Shortstop leads charge as SF erupts for 19 runs in Game 1 of doubleheader
@MannyOnMLB
July 15, 2019

DENVER -- “Yeah, but RBIs don’t matter anymore.” Brandon Crawford was joking, of course, using that tongue-in-cheek statement to poke fun at the idea in some sabermetric circles that the stat is of little utility. They do matter. How else would you describe what Crawford did in the first game

DENVER -- “Yeah, but RBIs don’t matter anymore.”

Brandon Crawford was joking, of course, using that tongue-in-cheek statement to poke fun at the idea in some sabermetric circles that the stat is of little utility.

They do matter. How else would you describe what Crawford did in the first game of a doubleheader against the Rockies at Coors Field on Monday?

Box score

In a record-setting 19-2 victory, Crawford became the third Giants player since the franchise moved to San Francisco in 1958 to drive in eight runs in a single game. He joined legends Willie Mays (April 30, 1961 vs. the Cubs) and Orlando Cepeda (July 4, 1961 at the Milwaukee Braves) in that prestigious club. He is also the first Giants player with two homers and eight RBIs in a game since Mays in ’61.

To be mentioned in the same breath with Mays and Cepeda is a feat in itself, no matter what the category. But Crawford did more than that: he became the first shortstop in MLB history to have five hits and eight RBIs in a single game.

“I hit with a lot of guys on base today, which was nice,” Crawford said. “To be able to get some hits with guys in scoring position was definitely good for us.”

Monday’s offensive eruption was a quantum leap, at least for a game, for a San Francisco lineup that has been trending up over the last few weeks after a disappointing first two months of the season.

It was also the same for Crawford, who had been showing signs of thawing at the plate before his record-setting performance. On June 18, Crawford was hitting .206/.278/.318 with five home runs. In the 16 games since, he’s slashing .356/.409/.644 with three homers.

“I’ve been feeling a lot better. Even before the [All-Star] break I was starting to feel a lot better at the plate,” Crawford said. “There were a couple of at-bats in Milwaukee where I was battling deep into counts, and even drawing walks kind of helps your confidence going forward.”

“I think his timing is better, his point of contact has been better,” manager Bruce Bochy said. “He’s thrown out better at-bats recently, and that’s critical for us, to have our core guys swinging well here in the second half.”

Beyond Crawford’s huge game, Buster Posey launched his second homer in four games after having two all season to that point, and he is hitting .390 over his last 11 games.

The Giants look like a completely different team offensively from what we saw in the first half of the season, when they finished with a 28th-ranked 79 wRC+. Suddenly, San Francisco’s lineup is on fire. The 94 runs the club has scored in its last 11 games are more than any Giants team has scored in any 11-game stretch in the San Francisco era.

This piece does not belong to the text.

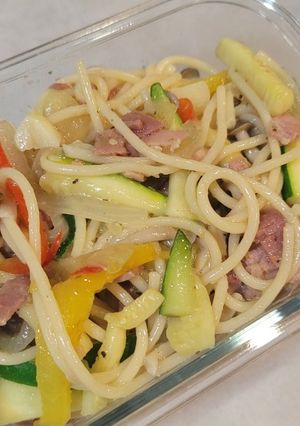 很多蔬菜的培根義大利麵 的食譜成品照片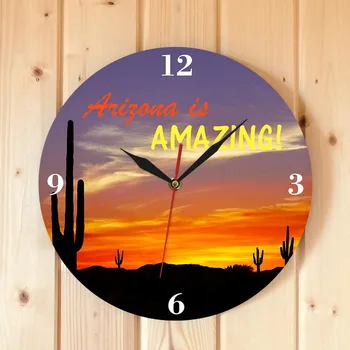 Arizona este Uimitor Moderne de Cuarț de Imprimare Ceasuri de Perete Sud-vestul Desert Cactus Tăcut Ceas Cronometru, Administrat de Decor Acasă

The 19 runs scored in the win were the most the Giants have ever scored at Coors Field, and the most they have scored in any game since September 14, 2013 at Dodger Stadium. They scored 12 runs over the first three innings, something they hadn’t done in a road game since July 9, 1993, when they scored 13 and beat the Phillies at Veterans Stadium, 13-0.

Crawford and Mike Yastrzemski (4-for-6 with a homer and a double) both had at least four hits, three runs scored and three RBIs, making them the first Giants duo to have those numbers in a single game since Barry Bonds and Matt Williams against the Braves on April 18, 1993, at Candlestick Park.

This game will be remembered for records falling, but Crawford was at its epicenter. And he knows the RBIs matter, especially when you tally 21 percent of your season total in a single game.

“Huge day here, no getting around it,” Bochy said of Crawford. “But good for him. I know it was a tough first half, but what’s important is that you keep going hard and try to get it right the second half.”